You have a point here, but my guess is that Greg simply did not want to tell yet another story about Makuta for Many Deaths. And we shouldn't assume such things. Makuta seems to have played virtually no role in the normal course of events in Metru Nui, and it's not clear how often he was actually there or what he was doing when there (at least as far as I know).
During the Great Disturbance, Teridax believed it necessary to not only lock the combatants in the Onu-Metru archives, but to unleash some of the more deadly rahi on them in order to terrorize them into stopping their civil war. As we've seen from Teridax's other activities, he works in incredibly subtle ways. For him to decide that such drastic and involved measures needed to be taken, there must have been something else that guaranteed, at least in his eyes, that they wouldn't listen to him.
Another good point, but then if there was some such pre-existing hatred, distrust, or whatever against him, why the surprise at his reveal in Legends of Metru Nui?
Also, don't forget that Makuta was portrayed as preferring to work through servants including Rahi, prior to around 2007. There was an appearance of a decision made by Teridax at that time to stop doing this and to act himself. Not sure if that was merely for show as part of the Plan, but either way, Makuta using Rahi for his goals in the past perfectly fits this. What you're seeing as drastic measures to get over some imagined discriminatory closemindedness is really laziness, apparently. He didn't need them to listen to him. He had plenty of powers to stun them all (or kill if he felt it was needed due to being a war) himself.
So, you're trying to see him as a good guy at this point who had no choice, but this does not appear accurate.
Here's what BS01 says about this:
Warfare
Arguments between Matoran escalated into combat, and the denizens of Metru Nui began fighting in the streets. Work was eventually abandoned by most Matoran, and large sections of the city were destroyed during the war. The Turaga at the time was ineffective, and could not prevent the fighting.

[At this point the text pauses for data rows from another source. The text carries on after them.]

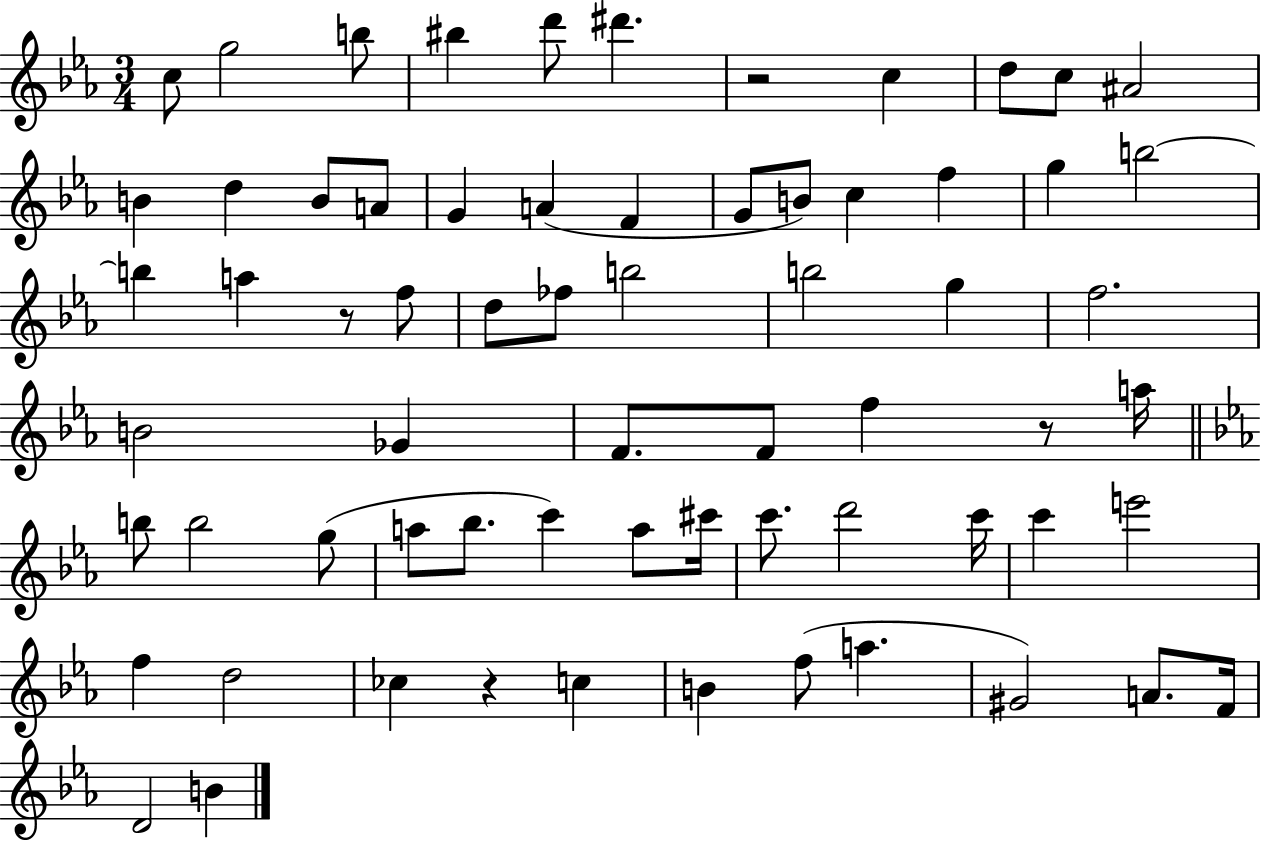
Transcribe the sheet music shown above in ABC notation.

X:1
T:Untitled
M:3/4
L:1/4
K:Eb
c/2 g2 b/2 ^b d'/2 ^d' z2 c d/2 c/2 ^A2 B d B/2 A/2 G A F G/2 B/2 c f g b2 b a z/2 f/2 d/2 _f/2 b2 b2 g f2 B2 _G F/2 F/2 f z/2 a/4 b/2 b2 g/2 a/2 _b/2 c' a/2 ^c'/4 c'/2 d'2 c'/4 c' e'2 f d2 _c z c B f/2 a ^G2 A/2 F/4 D2 B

Makuta Mutran unleashed several destructive Rahi into the city, under the cover of the mayhem.
Archives Massacre
Miserix eventually ordered his trusted lieutenant, Teridax, to halt the fighting. Teridax took a large number of the Matoran fighters and locked them in the Archives. He then released the various exhibits on the Matoran, killing a large number of them. The battle would later be known as the Archives Massacre, and put an end to the fighting. However, it gave the Makuta a very bad reputation in Metru Nui.
Notice that Mutran did something using Rahi too at this time. We have to keep in mind that the primary purpose of the Makuta to begin with was to make Rahi. It would be natural for them to think first of using them as their method of gaining their goals.
Now it did give them a bad rep, but remember that Matoran did violent things too, and there is no such hatred between the types of Matoran. And this bad rep is probably deserved.
Also, do we know at what point the majority of Makuta became evil? My sense is that due to the lack of high praise from others (not at all the same thing as discriminatory hatred; more a taking for granted), many had already become ambitious.
The BS01 Makuta page says this:
Miserix, in the wake of the Matoran Civil War, appointed each Makuta to a certain region of the universe, in order to enforce the peace in their area and prevent another uprising.
After the defeat of the Barraki, the Makuta Teridax began to develop thoughts of overthrowing the Great Spirit. After gathering knowledge from Mutran, who had obtained it from Tren Krom, he proposed the idea to the rest of the Brotherhood, the majority of which sided with him. Five Makuta remained loyal to Miserix, however, and after defeating Miserix, Teridax ordered their deaths. Miserix was secretly imprisoned on Artidax by Krika, defying Teridax's order of killing the former Brotherhood leader.
Originally biomechanical, the Makuta race eventually evolved to a state of pure energy, in which they no longer had to eat, sleep, breathe, or could feel pain. This evolution was first noticed by Bitil, and Chirox learned by examining a sample of Kojol's essence what had happened to them. Teridax ordered the Nynrah Ghosts to assist them by modifying their new armor. Soon after, the Makuta made a collective decision to shun their inner light, becoming true creatures of shadow.
So the Civil War was prior to the draining of inner light. However, is this the first time they became "bad"? No. They made a conscious choice to do that. It was no accident.
They went bad long before this, but they might not have been consciously certain about it for a while. That's often how temptation works. But at some point, probably long before Terry's takeover of the Brotherhood, most of them had probably chosen evil (whether consciously or subconsciously; they were "bad").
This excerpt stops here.